We had 5 sessions where we heard from all the lead pastors:

Session 1:  The Church & its Message, Ephesians 1 &2 - Josh Soto, Richmond VA
Session 2:  The Church as a Mystery, Ephesians 3 - Dave Proffitt, Tampa FL
Session 3:  The Church & its Mission, Ephesians 4 - Paul Fiske, Harrisonburg, VA
Session 4:  The Church & its Maturity, Ephesians 5-6:9 - Aaron Proffitt, Tampa FL
Session 5:  The Church & its Spiritual Morale, Ephesians 6:10-24 - Jamie Limato, Norfolk VA

Right from the bat, I was once again struck by Aletheia's ability to keep everything focused on God.  The pastors each went up and spoke straight from God.  They had no agenda to push except Jesus.  I'll get to it later when I talk about AP's session, but they really all demonstrated that if it isn't furthering God's kingdom, there is no need to even be talking about it.

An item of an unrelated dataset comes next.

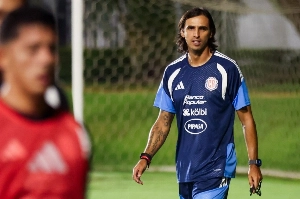 Notícias ogol.com.br - Costa Rica demite treinador no início do ciclo e confirma ex-Santos como interino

I learned so much more about myself, things I need to work on in my life, and my relationship with Christ at this conference than I did at both the Mennonite Conventions combined.  Maybe it's because I am growing stronger in my faith since I started going to Aletheia, but I somehow, I doubt it.  I mean, at Aletheia's sessions, we talked about Christ and how we can further His kingdom.  We used our Bibles (woah). We didn't have a "Christian magician" for a session, or have a dialogue between those who think homosexuality in the church is okay, and those who don't.  Everything at REFLECT was upfront, blunt, and true.  I'm not out to bash Mennonites, but Aletheia works for me.  I like how it is black and white; nonnegotiable.  The Bible is God's Word, and God is Truth.  It is what it is.  Aletheia doesn't blur lines by obscuring Bible verses to make them try to say what they want them to.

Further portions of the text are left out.